# Summary
This notebook generates random samples of 100 comments from each dataset.

The comments are pulled at random (with a seed for reproducability) and there are no common samples between any one dataset, i.e. comments are chosen without replacement. 

The samples are placed into a subfolder in '/samples/{dataset_name}'. For example, a comment in the `no_attachment` dataset might be found in '/samples/no_attachment/sample1'.

In [8]:
import numpy as np
import pandas
import random
import shutil

### Generating dataset samples
The codeblock below imports all 5 datasets created in the previous notebooks.

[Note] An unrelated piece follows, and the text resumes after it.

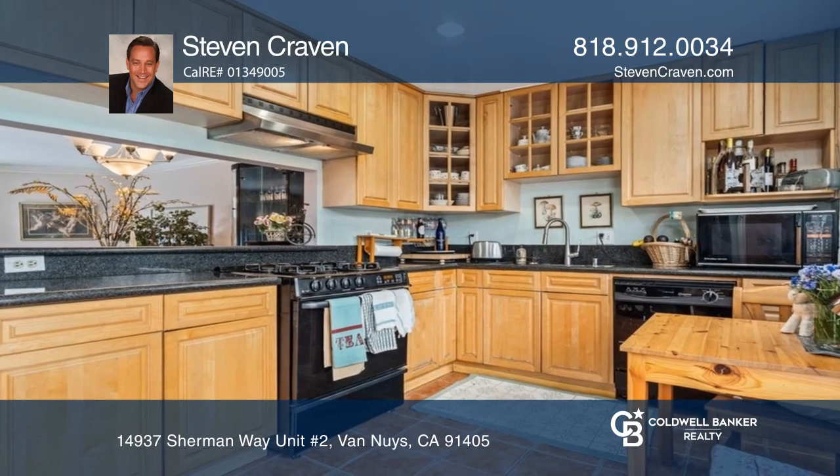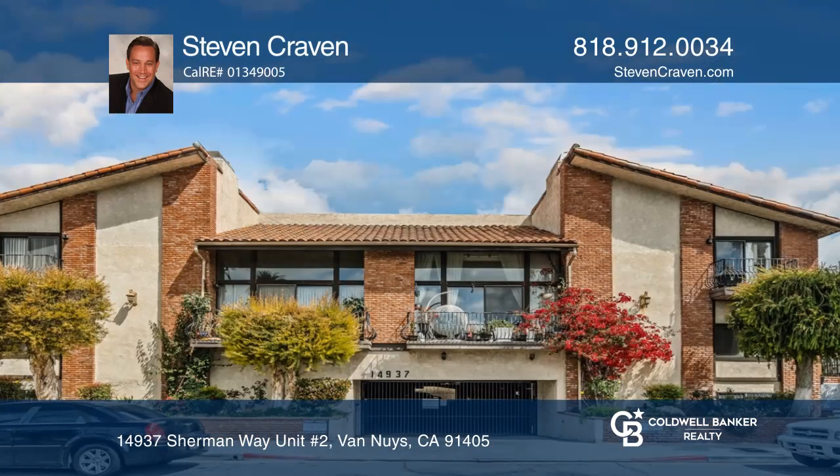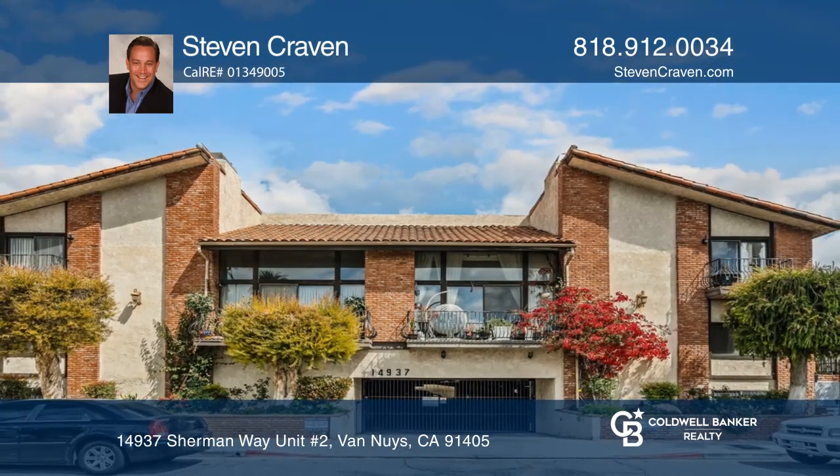The primary ensuite bedroom is complemented by vaulted ceilings, a walk-in closet, and a balcony. Fall in love with your future home by contacting Steven Craven to schedule a tour.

Next, in the codeblock below that, a function is set up to generate 3 samples of 100 comments for each dataset passed in. The codeblock then saves these 3 samples to a spreadsheet where each sheet is different samples.

In [9]:
# Import the datasets from the Meta Analysis notebook.
data_cleaned = pandas.read_json('./data/data_cleaned.json', orient='records', dtype='false')
has_attachment = pandas.read_json('./data/has_attachment.json', orient='records', dtype='false')
no_attachment = pandas.read_json('./data/no_attachment.json', orient='records', dtype='false')

In [10]:
def save_to_spreadsheet(samples_array, dataset_name):
    # Save the samples to a spreadsheet named dataset_name_samples in a directory of the same name. 
    # E.g., has_attachment samples are saved to `./sample/has_attachment/has_attachment_samples.xlsx`.
    writer = pandas.ExcelWriter("./samples/" + dataset_name + "/" + dataset_name + "_samples.xlsx")

    # Write each sample of 100 comments to a separate sheet in the spreadsheet
    samples_array[0].to_excel(writer, sheet_name="sample 1")
    samples_array[1].to_excel(writer, sheet_name="sample 2")
    samples_array[2].to_excel(writer, sheet_name="sample 3")

    writer.save()
    writer.close()

In [11]:
def generate_samples(dataset, dataset_name):
    samples = dataset.sample(n=300, random_state=24996236)
    samples_array = np.split(samples, 3)
    
    # Save the samples to a spreadsheet after generating them 
    save_to_spreadsheet(samples_array, dataset_name)